Many believe that nothing says summer fun more than grabbing your Harley for a cool ride, or a cool investment opportunity. However, these are two very different questions. While it may be always a good time for a ride, it's not always a good time to invest capital. Let's use our objective DSE (decision support engine) to explore the differences between good and bad times to invest in in Harley-Davidson (HOG) .
Nearly a year ago, DSE's analysis allowed us to warn on these pages that July 2016 was not the time to deploy capital in Harley-Davidson. Further, as you can review here, the forecast concluded that the $55 +/-$3 zone should be used to exit any further strength, and prepare for a slide into the low $40s. HOG only slid to the high $40s, before rising to the low $60s, but has since reversed again in more dynamic fashion.
Notice it peaked right in between DSE's two pink ovals, which members of our live-market Trading Room and DSE Alerts services have been using to trade against ever since (click here for a 10-day free trial of our premium memberships). Now, the deeper forecast has been triggered, as DSE members were notified of earlier this week, with $30 +/-$4 as the support zone that should be probed in the coming five to 13 months.
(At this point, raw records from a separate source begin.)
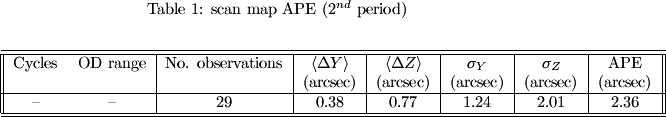   \begin{table}[htdp] \caption{scan map APE (2$^{nd}$ period)} \begin{center} \label{ape_tab5} \begin{tabular}{||cc|c|c|c|c|c|c||} \hline\hline Cycles &amp; OD range &amp; No. observations &amp; $\langle\Delta Y\rangle$ &amp; $\langle\Delta Z\rangle$ &amp; $\sigma_Y$&amp;$\sigma_Z$&amp; APE\\ &amp; &amp;  &amp; (arcsec) &amp; (arcsec) &amp;(arcsec) &amp; (arcsec) &amp; (arcsec)\\ \hline  -- &amp; -- &amp; 29 &amp; 0.38 &amp; 0.77 &amp; 1.24 &amp; 2.01 &amp; 2.36\\ \hline\hline \end{tabular} \end{center} \end{table}%  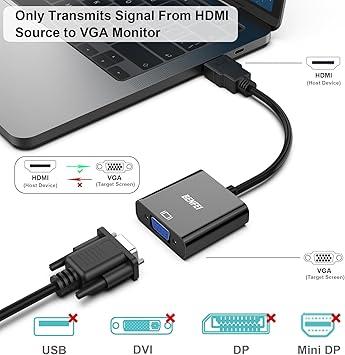 HDMI to VGA 1080P HDMI Male to VGA Female Video Converter Adapter Cable for PC Laptop HDTV Projectors and Other HDMI Input Devices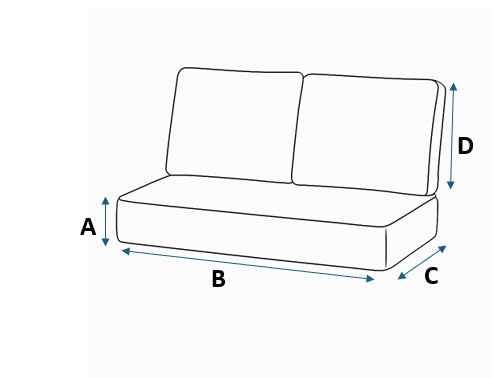 2 Seater long base measurements
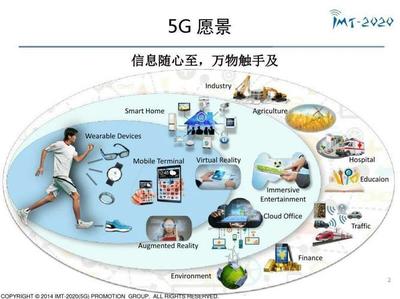 通信專業(yè)技術(shù) 助力信息時(shí)代發(fā)展的核心引擎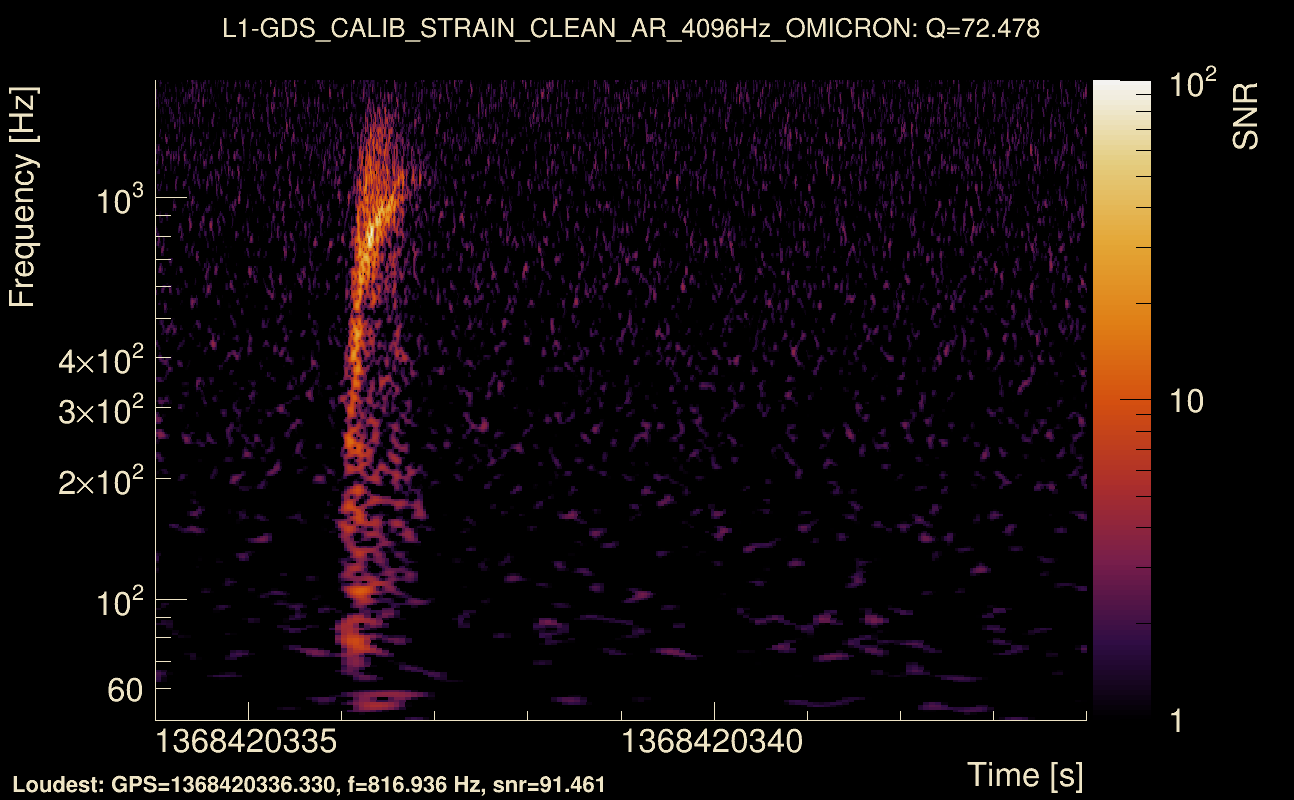 Omicron map Q4, det1, 1368420339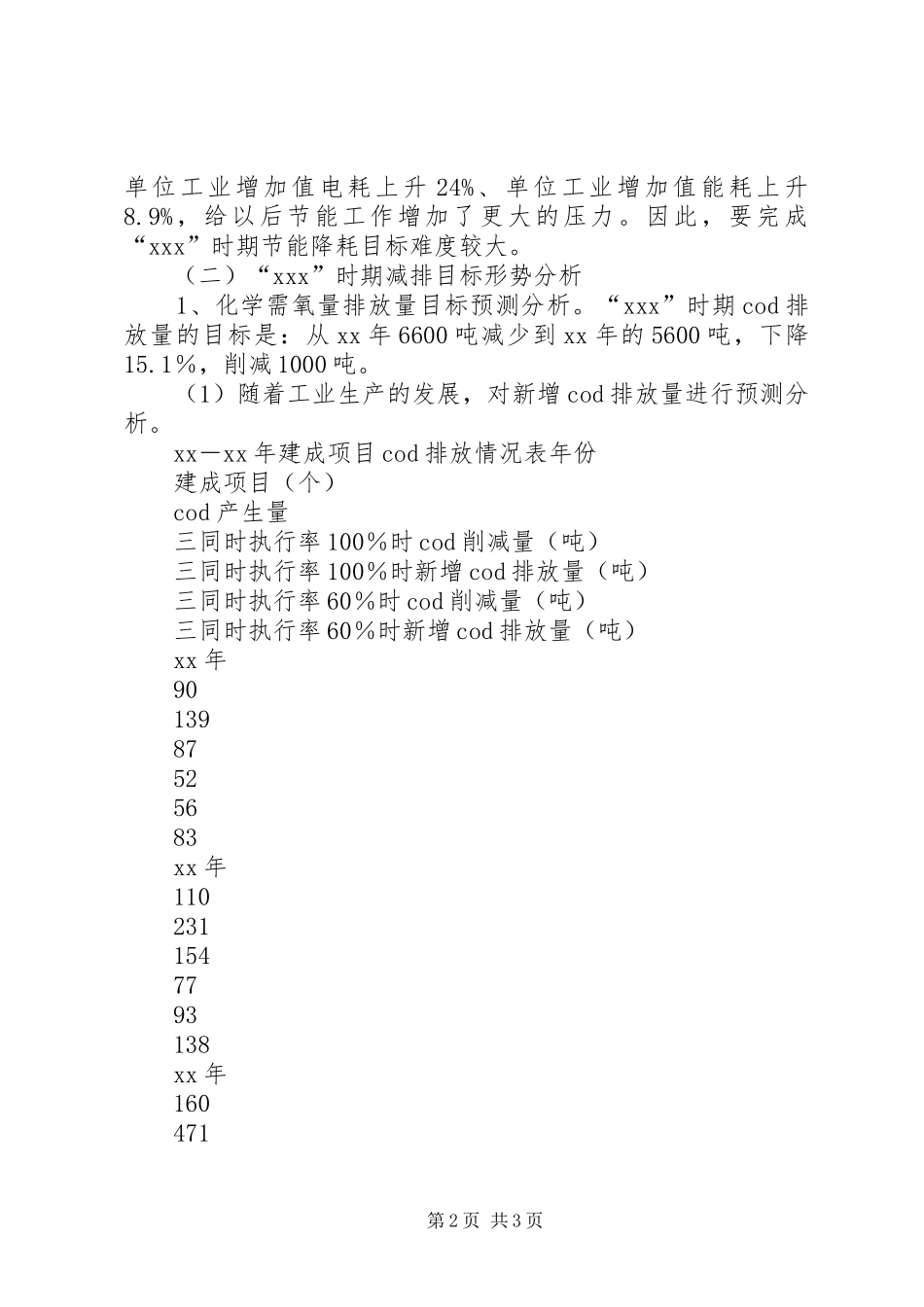 对我县节能减排工作的调研报告_第2页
The chart below is the updated version of the exact one from a year ago, and shows the newest trigger causing an even deeper price projection. First of all, the stochastics peaked at the 90% extreme overbought threshold, putting HOG on an initial sell signal. Then, the test of $62 was strongly rejected by the upper two-standard deviation band (olive/gold line), which controls 95% of normality. Individually, these are bright red warning flags, and combined, raises confidence in their potential voracity.